DealLawyers.com Blog

July 13, 2022

Private Equity: Portfolio Company Debt Buybacks

In case you missed it, the credit markets have become pretty choppy in recent months and a lot of debt issued by private equity portfolio companies has been trading at a significant discount. That’s expected to lead some PE funds or portfolio companies to consider buying back some of that debt.  This recent Davis Polk memo discusses some of the threshold issues that PE sponsors should consider before committing to that path.  This excerpt addresses potential conflicts of interest:

In some cases an acquisition of portfolio company debt can raise potential conflicts of interest that a sponsor will want to consider and properly address under its fund documents or as an investor relations matter before proceeding. For instance, if the acquisition of debt is being made through a different fund than the one that holds the equity, the sponsor may face a conflict of interest by virtue of advising two funds in different parts of the company’s capital structure. In distressed scenarios, this conflict can be more acute.
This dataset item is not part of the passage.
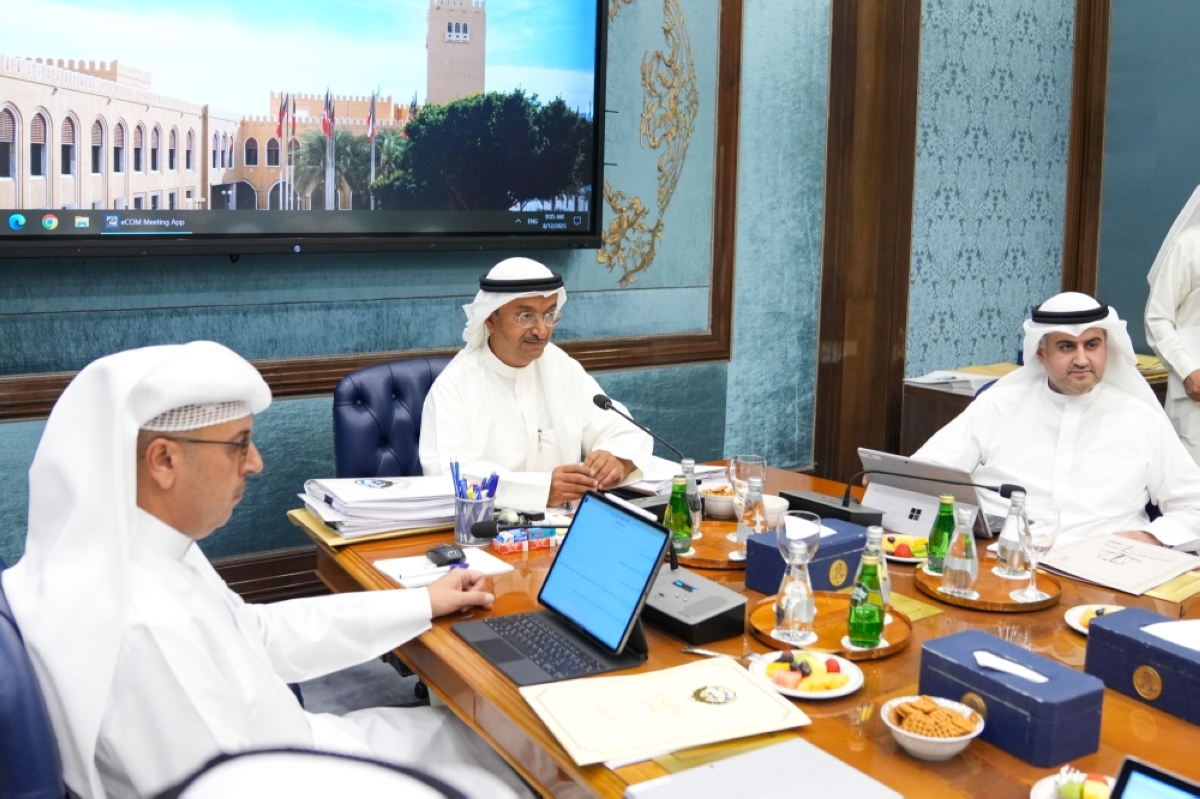 الوزيران ناصر السميط وصبيح المخيزيم وأمين عام مجلس الوزراء صالح الملا في الاجتماع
Resolving these conflicts may require consultation with, or approval by, each fund’s investors or limited partner advisory committee.

Other considerations identified in the memo include restrictions on buybacks contained in the relevant credit agreements or indentures, the need to navigate securities law disclosure issues associated with repurchases, potential tax implications, and whether the buyback would create issues for funds that want to maintain qualification as “venture capital operating companies.”